- Developer: Seven Stars Multimedia
- Publisher: Seven Stars Multimedia
- Platform: Microsoft Windows
- Release: WW: July 1, 1998;
- Genre: Adventure video game
- Mode: Single-player

= Wacki: Kosmiczna Rozgrywka =

1998 video game

Wacki: Kosmiczna Rozgrywka is an adventure game by Seven Stars Multimedia released on July 1, 1998 for Windows.

== Plot and gameplay ==
Franz Josef and Edek Baryła, two Polish teenagers, have to help Aargh the alien gather pieces of A.C.M.E to stop a meteorite from destroying his home, because if his planet is gone, Earth will soon fall to the same fate.

The game has the generic gaming interface of a hand-drawn adventure title. It contains colourful cartoon, graphics and specific humor to Polish culture.

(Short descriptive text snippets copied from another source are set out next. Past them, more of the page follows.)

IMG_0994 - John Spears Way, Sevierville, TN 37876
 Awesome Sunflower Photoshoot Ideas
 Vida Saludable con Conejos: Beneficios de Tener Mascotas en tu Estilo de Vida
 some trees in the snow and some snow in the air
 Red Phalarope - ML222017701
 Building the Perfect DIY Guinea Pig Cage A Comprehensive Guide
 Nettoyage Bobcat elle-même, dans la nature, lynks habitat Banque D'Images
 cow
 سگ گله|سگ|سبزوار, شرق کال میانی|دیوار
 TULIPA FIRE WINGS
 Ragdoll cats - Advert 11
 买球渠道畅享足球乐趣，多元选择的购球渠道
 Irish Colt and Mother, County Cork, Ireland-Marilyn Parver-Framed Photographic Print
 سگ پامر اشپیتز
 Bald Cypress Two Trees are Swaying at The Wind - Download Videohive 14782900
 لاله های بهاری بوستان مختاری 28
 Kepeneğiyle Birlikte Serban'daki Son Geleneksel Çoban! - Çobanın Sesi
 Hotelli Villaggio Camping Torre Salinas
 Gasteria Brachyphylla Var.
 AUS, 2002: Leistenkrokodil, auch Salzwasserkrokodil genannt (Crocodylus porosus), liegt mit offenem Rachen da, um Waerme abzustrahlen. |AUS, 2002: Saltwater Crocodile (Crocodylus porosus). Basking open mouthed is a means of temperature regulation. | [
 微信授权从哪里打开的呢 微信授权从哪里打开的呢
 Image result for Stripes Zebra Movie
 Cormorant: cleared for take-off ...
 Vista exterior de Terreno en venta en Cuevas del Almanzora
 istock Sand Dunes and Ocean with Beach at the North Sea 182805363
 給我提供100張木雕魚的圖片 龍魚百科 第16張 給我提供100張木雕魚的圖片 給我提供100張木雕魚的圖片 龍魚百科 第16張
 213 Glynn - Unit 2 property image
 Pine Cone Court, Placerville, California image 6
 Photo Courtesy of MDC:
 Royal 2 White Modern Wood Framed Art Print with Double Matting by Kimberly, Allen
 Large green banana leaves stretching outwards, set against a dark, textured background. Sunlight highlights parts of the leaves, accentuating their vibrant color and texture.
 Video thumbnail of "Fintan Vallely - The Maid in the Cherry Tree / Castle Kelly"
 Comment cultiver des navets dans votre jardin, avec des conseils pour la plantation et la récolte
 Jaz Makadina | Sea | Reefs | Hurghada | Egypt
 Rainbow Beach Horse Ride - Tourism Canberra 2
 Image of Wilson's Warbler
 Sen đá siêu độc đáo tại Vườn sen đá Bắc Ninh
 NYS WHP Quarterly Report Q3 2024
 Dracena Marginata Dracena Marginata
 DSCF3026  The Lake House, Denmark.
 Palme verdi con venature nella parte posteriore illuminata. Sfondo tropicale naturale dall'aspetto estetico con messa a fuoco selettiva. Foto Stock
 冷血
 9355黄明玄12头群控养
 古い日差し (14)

The game contains various easter eggs that were only discovered decades after the game's release.

== Production ==
In 1996, CD Projekt signed an exclusive distribution agreement with Seven Stars, which included this game upon its release.

== Critical reception ==
GamePressure and Gry Online gave it 8.6. Ekspert deemed it the perfect title for native Polish adventure gamers. Games Guru felt it was part of the group of cult games that held a special place in the hearts of older Polish gamers. Onet Technologie noted that while the game was humorous it is quite hard. Benchmark felt that the artistic achievements of Seven Stars ended with this title. Adventure Zone thought the game would appeal to lovers of titles like Day of the Tentacle. InnPoland felt the title didn't have innovative graphics or interface.